▶ _WHAT YOU WILL DO_
Write out the listing from the line with "2017 Jeep Grand Cherokee Altitude 4WD photo" to the line with "10 Photos of", both lines included, exactly and nothing beyond. Leave pictures out.

▶ _SUPPLIED MATERIAL_
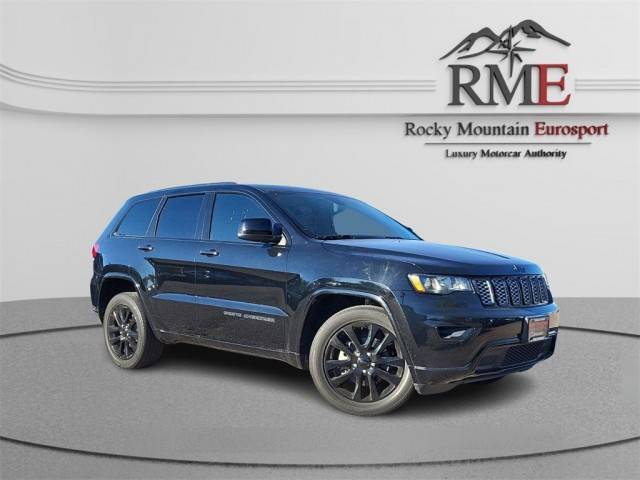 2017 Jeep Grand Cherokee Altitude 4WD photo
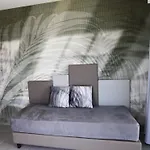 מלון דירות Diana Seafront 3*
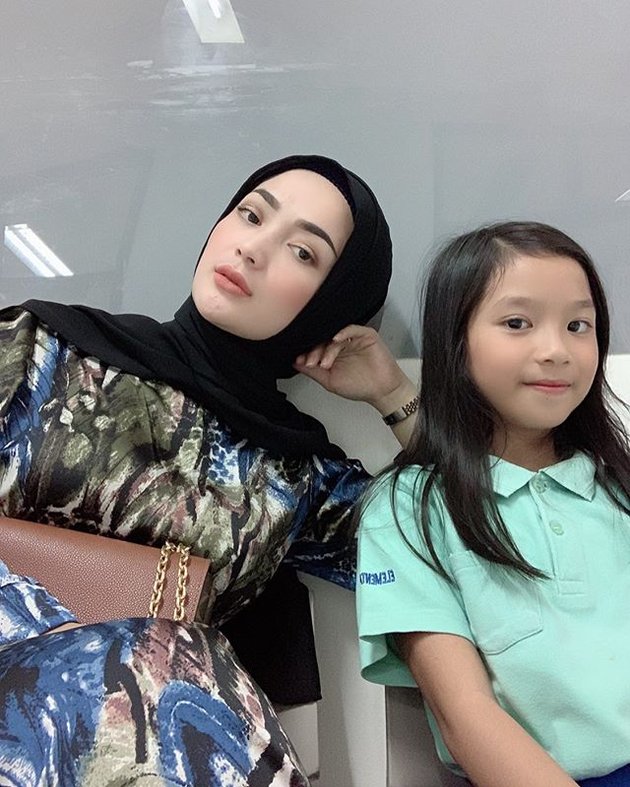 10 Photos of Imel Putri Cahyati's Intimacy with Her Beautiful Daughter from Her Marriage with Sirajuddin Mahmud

* * *

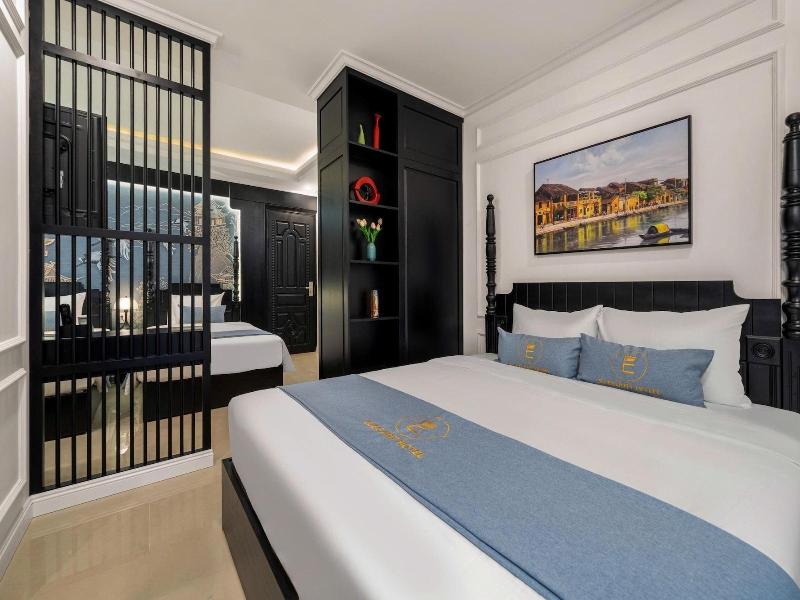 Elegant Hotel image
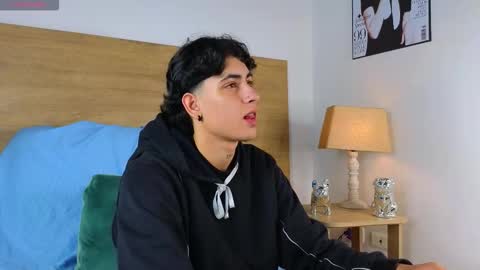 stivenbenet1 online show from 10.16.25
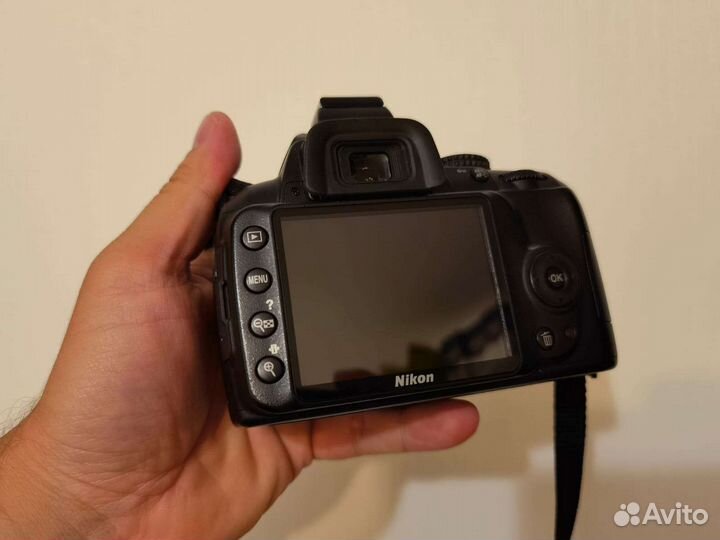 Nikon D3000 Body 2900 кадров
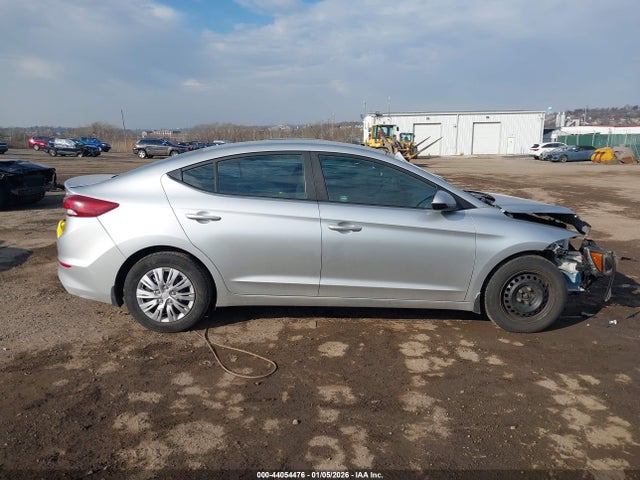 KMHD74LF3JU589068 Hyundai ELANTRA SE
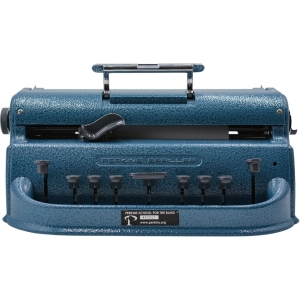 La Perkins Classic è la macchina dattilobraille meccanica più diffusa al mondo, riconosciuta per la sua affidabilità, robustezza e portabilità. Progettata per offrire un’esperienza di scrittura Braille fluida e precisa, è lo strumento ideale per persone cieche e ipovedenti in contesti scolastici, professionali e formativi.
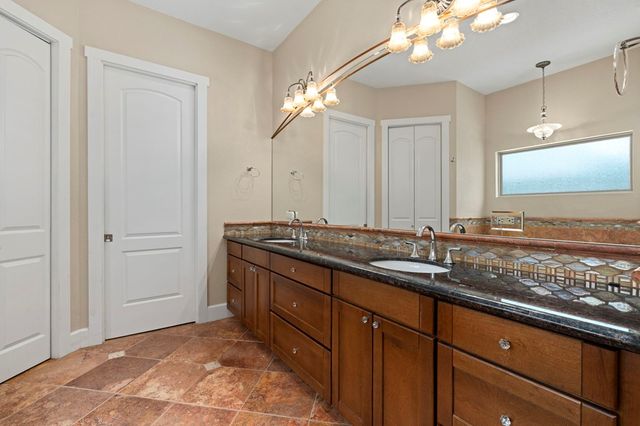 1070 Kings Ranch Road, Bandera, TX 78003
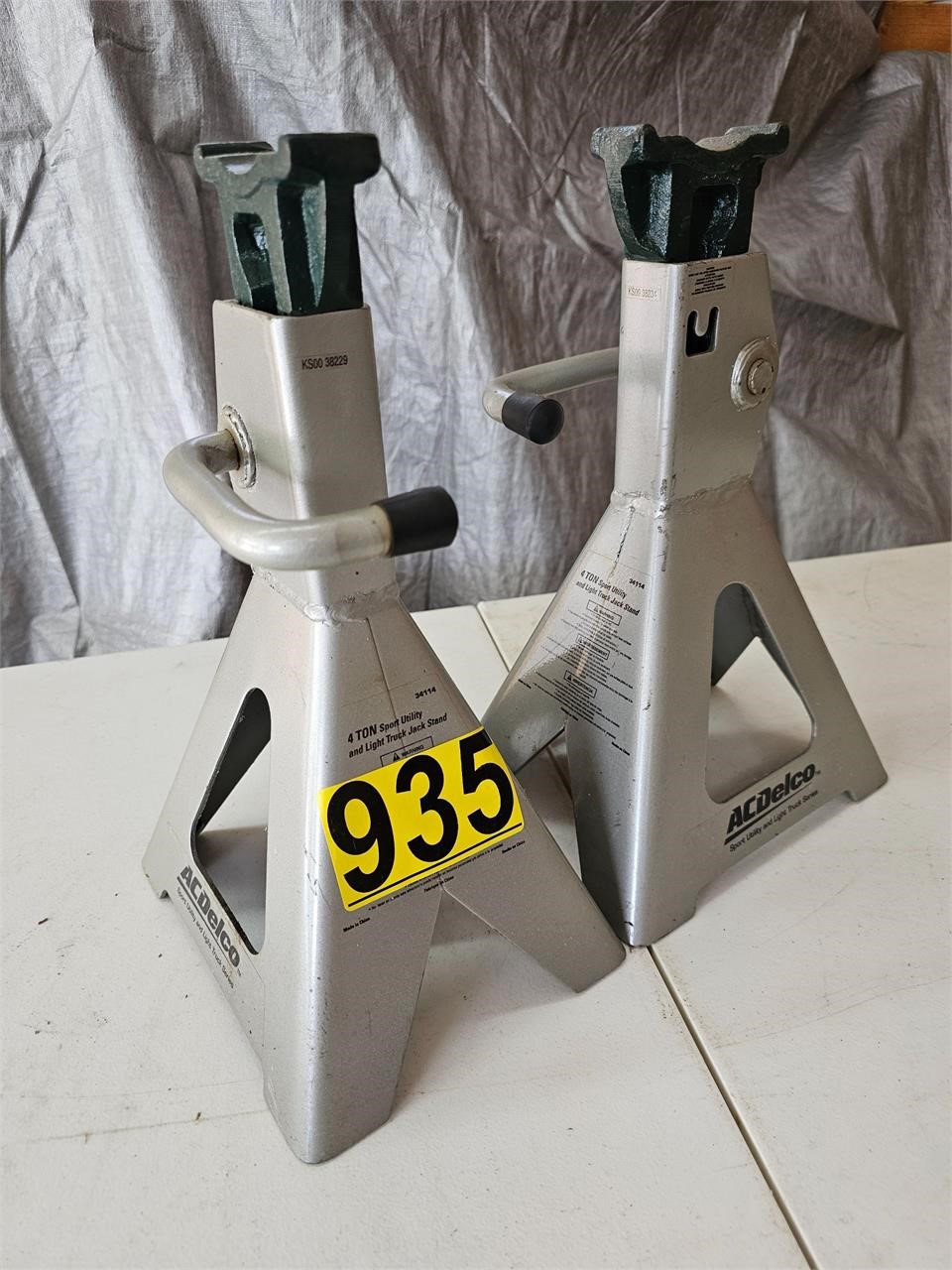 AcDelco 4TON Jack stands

▶ _RESULT OF THE EXERCISE_
 2017 Jeep Grand Cherokee Altitude 4WD photo
 מלון דירות Diana Seafront 3*
 10 Photos of Imel Putri Cahyati's Intimacy with Her Beautiful Daughter from Her Marriage with Sirajuddin Mahmud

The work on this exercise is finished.